In Alpha Squadron the drifting away of close friends is dramatized through a crack team of fighter pilots. After a typically exciting mission, Alpha 4 (Sunita Mani) declines the invitation to celebrate with space beers by dropping a figurative bomb—she’s heading off to grad school and is leaving the squad.
The potential dissolution of his crew throws Alpha Leader (Griffin Newman) into a funk. 4’s replacement annoys the hell out of him, and further defections occur. Faced with his closest mates embarking upon new stages of their lives, Leader feels adrift, refusing to move on.
The film takes place entirely in cockpits, so while the script is smart, with several humorous touches, your mileage will depend heavily on your affinity for the characters. Since the characters communicate exclusively over headsets, the natural metaphor is online gaming, and I’d expect the film to especially resonate with heavy co-op gamers. Visually, despite the limited setting, the film is pretty dang cool—unapologetically lo-fi, the largely practical effects are nonetheless expertly constructed on a shoe-string budget. If this kind of ingenious production problem-solving is your cup of tea, you’re in luck! Litwak has prepared an excellent BTS that provides a great overview of the techniques and process.

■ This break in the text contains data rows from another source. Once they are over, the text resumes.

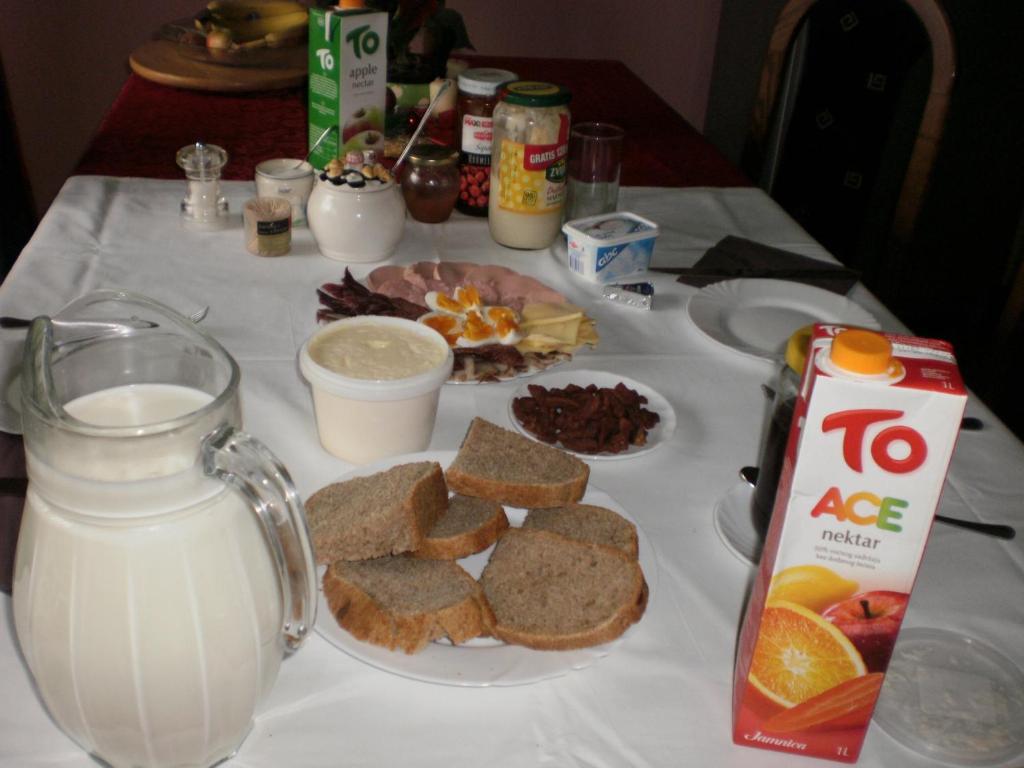 een tafel met een bord brood en een kan melk bij Rooms Lutra in Bilje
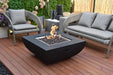 Bcakyard Lifestyles Modeno - Aurora Fire Table Square Black front angle view of fire table with flames on a deck with patio furniture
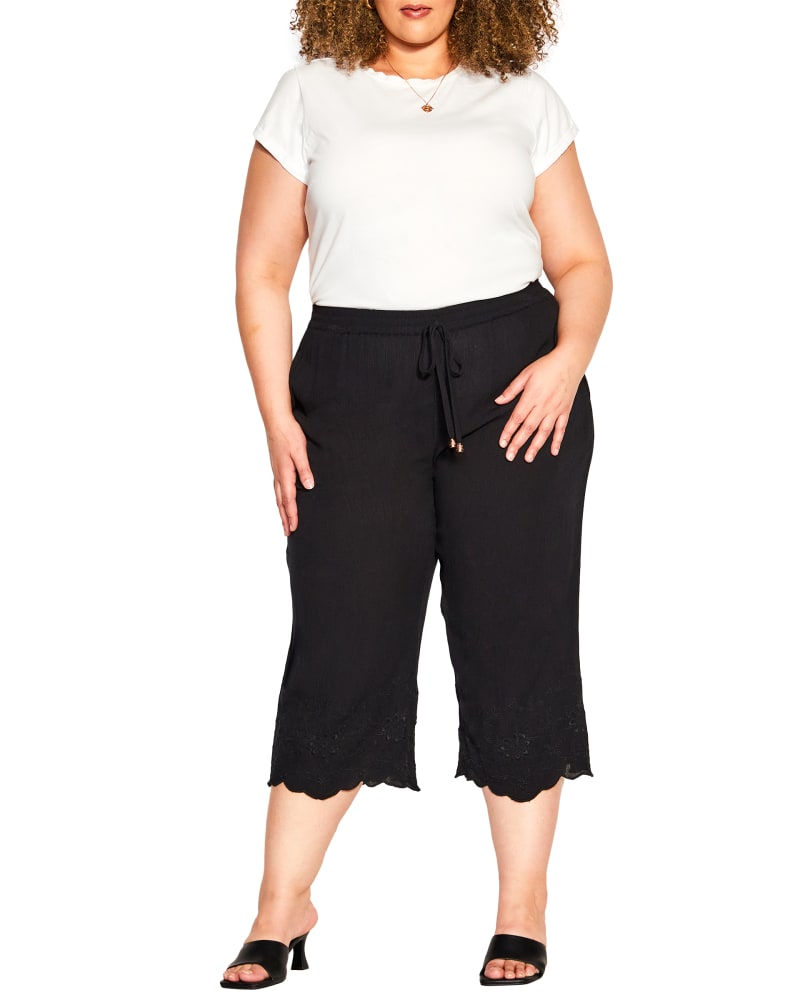 Front of a model wearing a size 18 PANT EMBROIDERED HEM in Black by avenue. | dia_product_style_image_id:298482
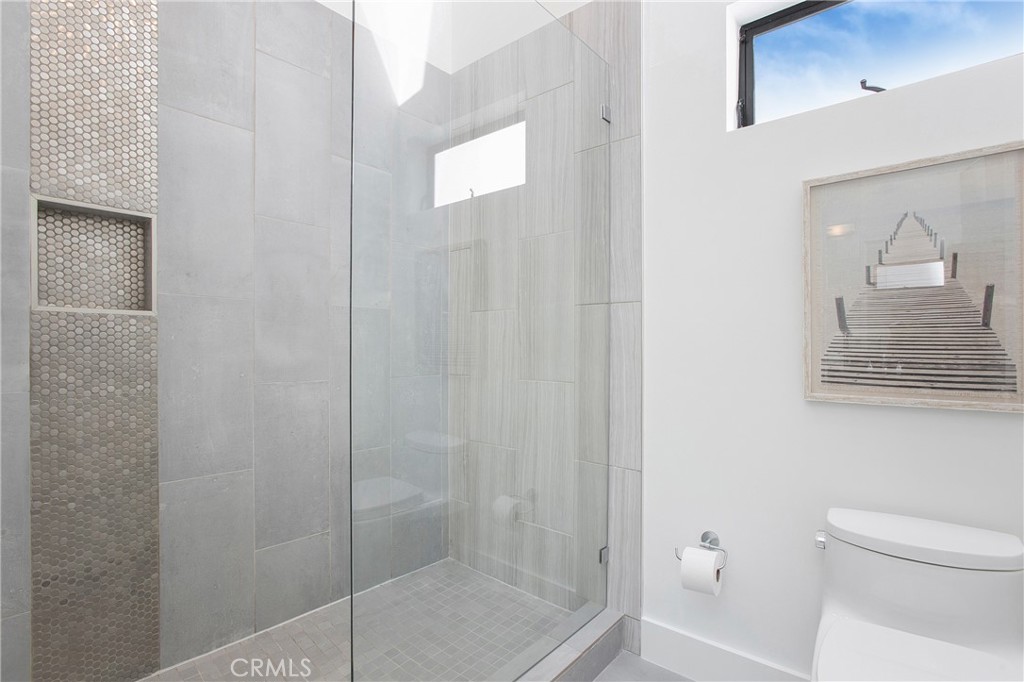 773 Barracuda Way Laguna Beach, CA 92651 - Photo 24 of 38 a bathroom with a shower and toilet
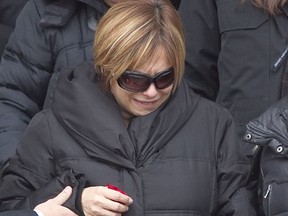 Francesca Montagna leaves a Montreal church after the funeral of her husband, Salvatore Montagna, in November 2011.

Alpha Squadron wasn’t conceived with grand ambitions in mind—Litwak really wanted to just stay busy and improve his VFX skills while larger projects (including a feature adaptation of Life and Death) made their way through development. Still the proof-of-concept ended up finding a champion in Paul Feig’s new digital venture Powderkeg—the company is planning to expand the world of the short as a digital series. Litwak has a lot of balls in the air at the moment, and his unique and highly appealing creative voice, tempered by his growing experience, lead us to believe that a breakthrough is imminent.